→ Required work
Everything below from the line with "Jaspal's Residential II, Bangkok, Thailand Jaspal's" through the line with "Cartão sem título (Frente)" must be retyped exactly, except the pictures.

→ Extracted records

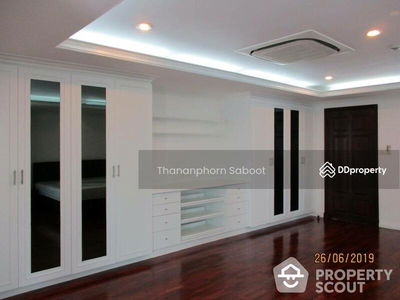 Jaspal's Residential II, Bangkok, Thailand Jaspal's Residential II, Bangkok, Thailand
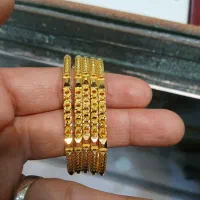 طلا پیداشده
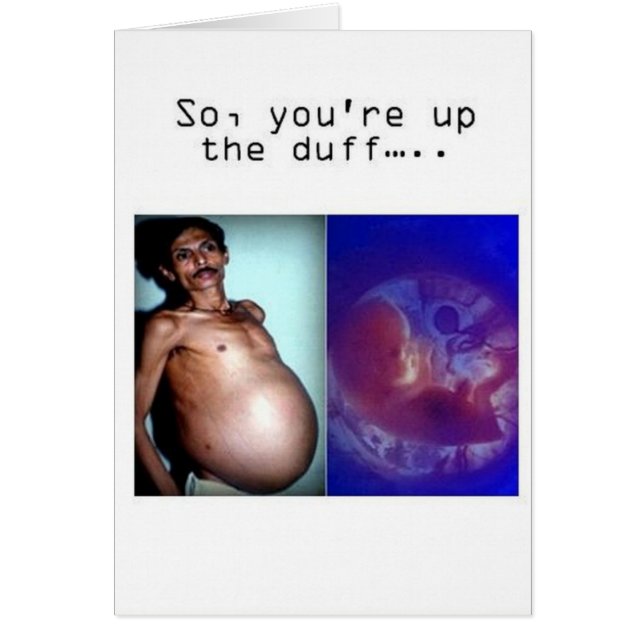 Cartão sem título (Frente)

--

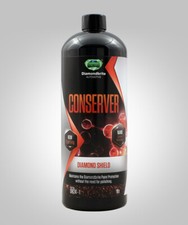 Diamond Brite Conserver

* * *

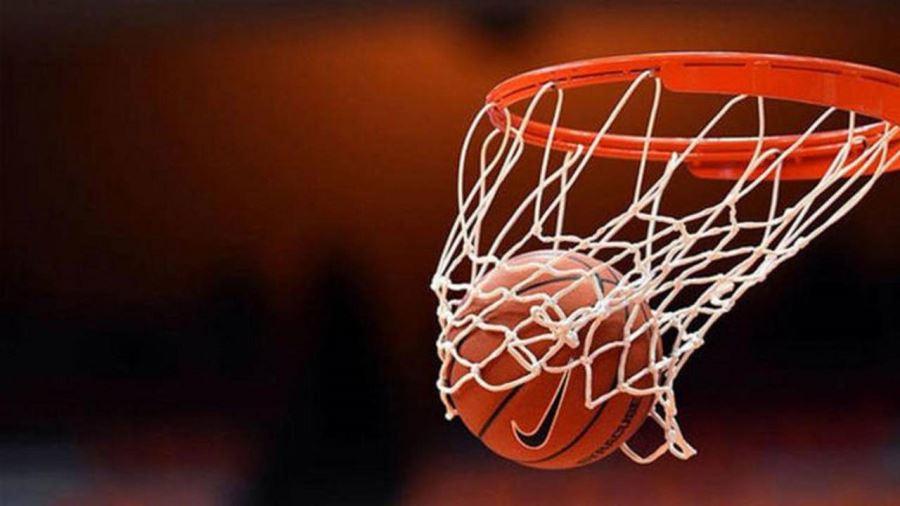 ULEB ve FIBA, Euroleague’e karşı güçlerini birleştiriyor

→ Result of this exercise
 Jaspal's Residential II, Bangkok, Thailand Jaspal's Residential II, Bangkok, Thailand
 طلا پیداشده
 Cartão sem título (Frente)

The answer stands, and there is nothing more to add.